"Whenever a baby just starts crying for no reason I'm like 'I get it. Totally on the same page, homie.'" That tweet by best-selling author, Caprice Crane, is exactly what I have been contemplating since I watched the doting-daddy video sweeping social media.
My favorite thing about A Second a Day from Birth is that the daddy did not only include the most perfect, peaceful baby shots of his son Indigo's first year. He did not shy away from the screaming fits and crankiness in the snapshot videos that comprise the string of 365 moments. I related to those ill-tempered cries, and thank Indigo and all babies for just saying it like it is. We all have that shrieking baby inside.

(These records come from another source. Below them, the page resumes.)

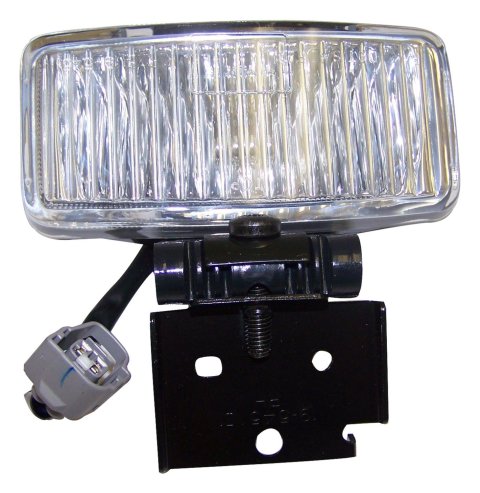 Crown Automotive Fog Lamps for 1997-1998 GRAND CHEROKEE - 55155312 Lamp, Passenger Side Only, White Bulb, Clear Lens, Jeep, Each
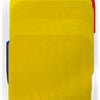 shows a pack of four yellow non slip silicone coasters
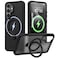 CROWNYX Magnetic Stand Case for Samsung Galaxy S26 Shockproof Slim Hybrid TPU Cover with Grip Ring, 6.3 Inch   Aegis GripStand Pro Case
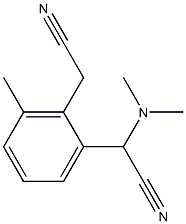 6-Methyl-2-[(dimethylamino)cyanomethyl]benzeneacetonitrile Structure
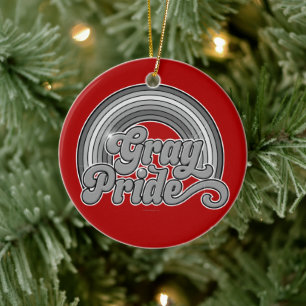 Grijze Pride (in ruste bejaarde) Keramisch Ornament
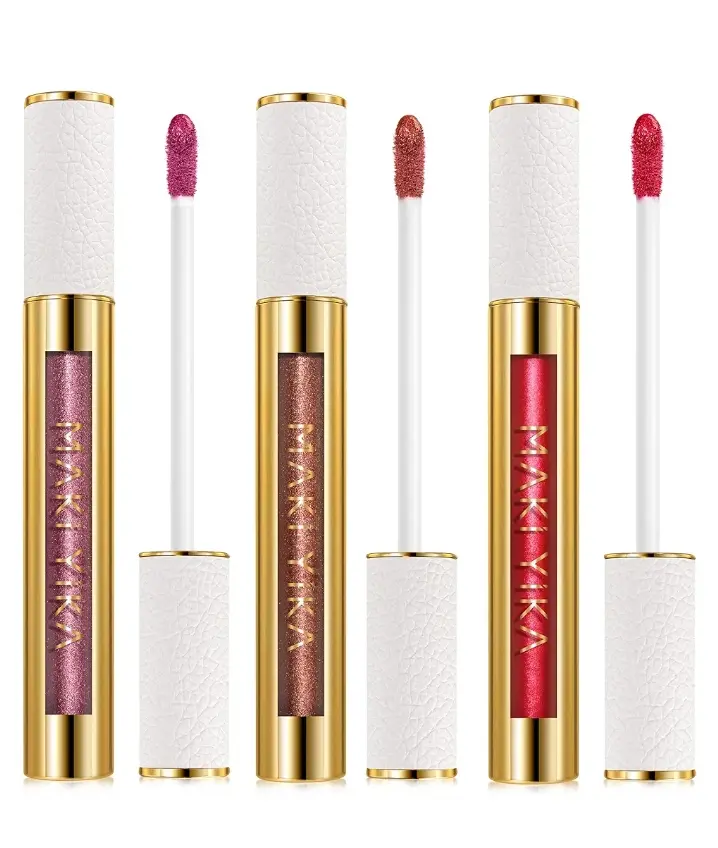 MAKI YIKA | 3Pc Metallic Lipstick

The difference for us adults, is our bad moods stick. You know Indigo's irritability doesn't hang on for long.
If I did a string of daily videos of myself -- or some fly on the wall with a camera did -- I would come off not unlike this baby. The joyous bubble baths would look pretty much the same. My moods though, would be slightly disguised, mutating due to their suppression into frustrations, ugly scowls and a short temper.
On the TV show "The Biggest Loser," before the contestants start losing weight they shoot a video of their heavy selves speaking to their future transformed skinny selves. My before video self would say, "Beware of what you might find out about yourself, my friend. Live carefully." And I imagine I would be thrown into a spiritual crisis as I watched the completed video at the year's end.
It is so hard to lose sight of life being just a string of moments, when we are busy worrying about the future or consumed by the past. I think my spiritual crisis after viewing my "year in the life" video would bring up the following questions:
- What can I do differently this year?
- Can I take care of myself better -- emotionally and physically?
- Can I let the angry feelings wash over me a little easier?
- Can I let go of the anxiety a little faster?
- Can I laugh from my toes, smile more openly?
- Can I meditate more?
- Can I spend more time loving?
Bottom line query: can I do all of this so that when I am captured for a second each day by the fly-on-the-wall videographer I am proud of who I am in life? I'd much prefer to look like a little Buddha, unattached to the ups and downs of life, with easy access to bliss, and overall at peace.
I know that the true magic of this video lies in the baby's transformation from a shriveled newborn into the makings of a little man. But I'm going to let Indigo inspire me to keep my head on straight and let the emotions move through me like they do for all the Indigos of the world, so I can have a looser grip on negativity and an easier slip into joy and peace.